くりかえし訪れた氷期のうち、最終氷期(ウルム氷期)には、ユーラシア大陸や北米大陸の北部は、厚さ3000mをこす氷床におおわれた。日本列島でも日高山脈や日本アルプスに山岳氷河ができ、氷触圏谷(カール)とよばれる地形が残された。
海面から蒸発した水が、氷となって陸地にとどめられたため、海面は100m以上も低くなり、浅い海峡はひあがって島や半島と陸続きとなった。この陸橋は、寒さからのがれるため南へ移動する動植物の通り道となり、マンモスゾウやヘラジカなどが日本列島に渡ってきた。
●ウルム氷期の植生
約2万年前の最寒冷期には、近畿地方の年平均気温は現在より7℃近くも低く、現在の東北地方くらいの寒さだったと推定される。

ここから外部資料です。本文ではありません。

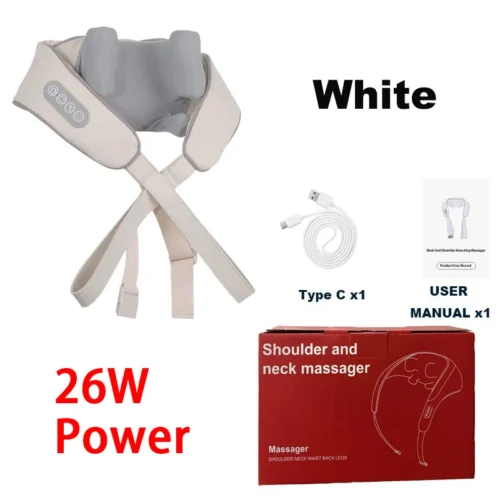 Shiatsu Neck And Shoulder Massager Shawl Kneading Spine Back Muscle Relaxer for Car Home Use Trapezius Neck and Shoulder Massage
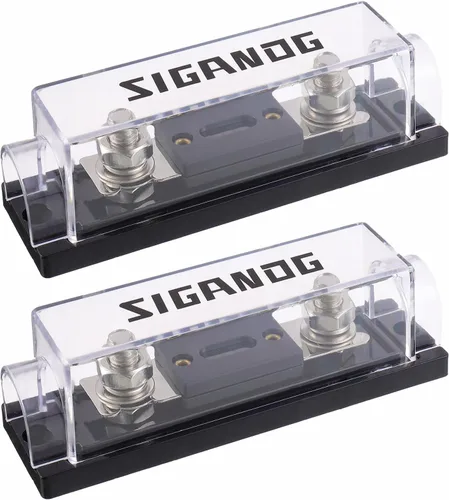 Portafusibles ANL de 150 Amperios calibre 0/2/4 con fusibles ANL de 150A para audio de coche, camión, bricolaje (paquete de 2)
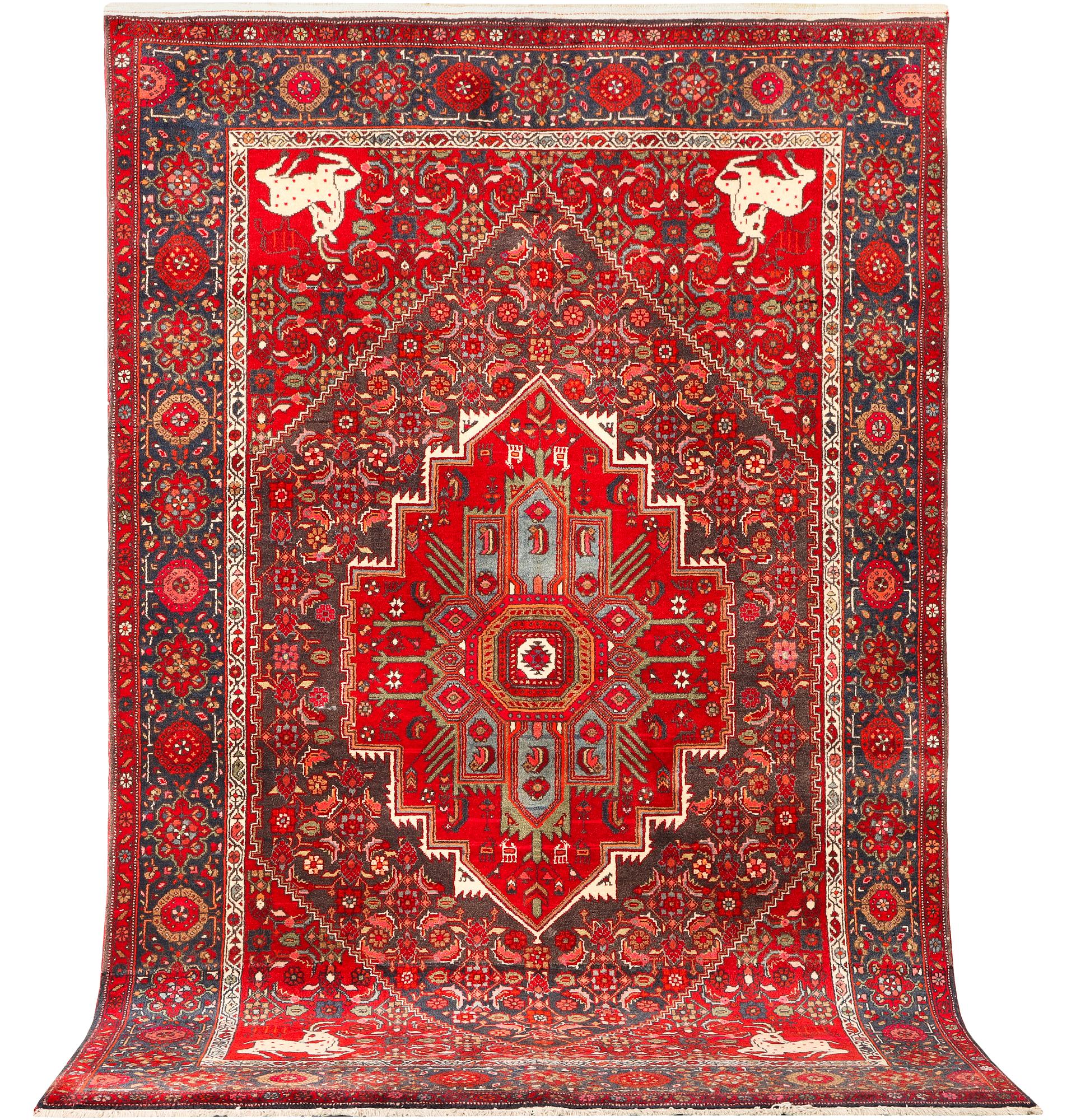 A Bidjar carpet, Old, c. 205 x 130 cm.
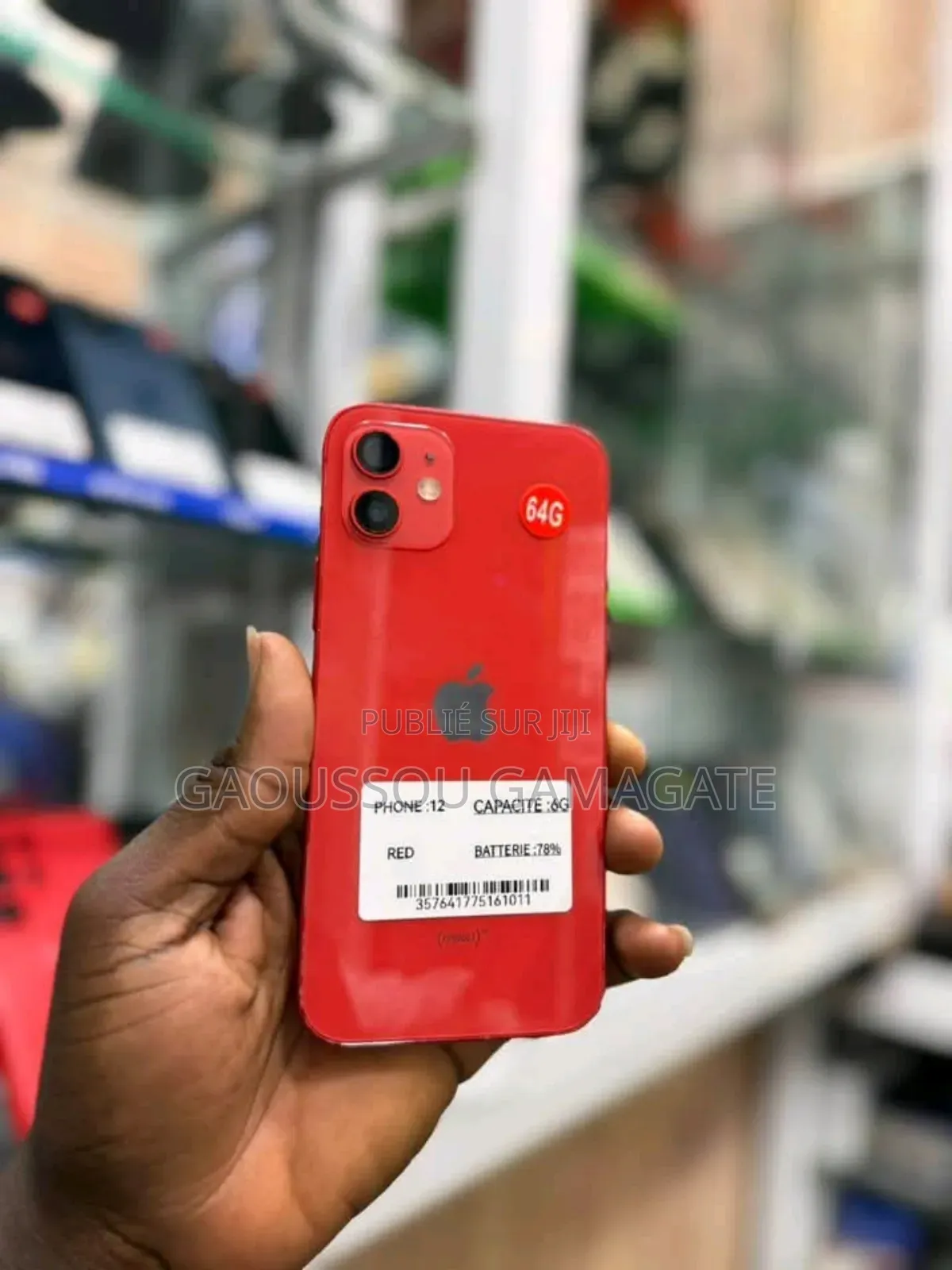 New Apple iPhone 12 64 GB Rouge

日本海には対馬暖流が流れ込めず、海水の温度が下がったため、冬の雪は現在の半分ほどにまで少なくなっていたという。しかも寒冷気団の勢いが強かったため、紀伊半島や四国、九州南部をのぞけば、夏でも雨は少なかった。そのため大阪平野は、ナラ類やシラカバと針葉樹がまざりあった、まばらな林におおわれていた。
●マンモスゾウ
更新世後期に、ヨーロッパからシベリア・中国北部などの寒い地域にすんでいたゾウで、厚い毛におおわれていた。シベリアでは、数千年前まで生きのこっていた。日本でも北海道で臼歯の化石がみつかっている。
●ナウマンゾウ
日本を代表する化石象である。更新世中期と後期にすんでいて、約2万年前に絶滅した。北海道から九州までたくさんの化石がみつかっている。氷期の寒さに適応して、長い毛がはえていたと考えられている。
●毛サイ
全身に長い毛がはえていたサイ、マンモスといっしょに、氷河時代の寒さにたえて、シベリアやヨーロッパ北部、中国東北部にたくさんすんでいた。サイの角は、ひふの変化したものなのでくさりやすく、ふつうは化石として残ることはない。しかしシベリアでは冷凍の毛サイが発見されていて、そのような場合には、角も保存されている。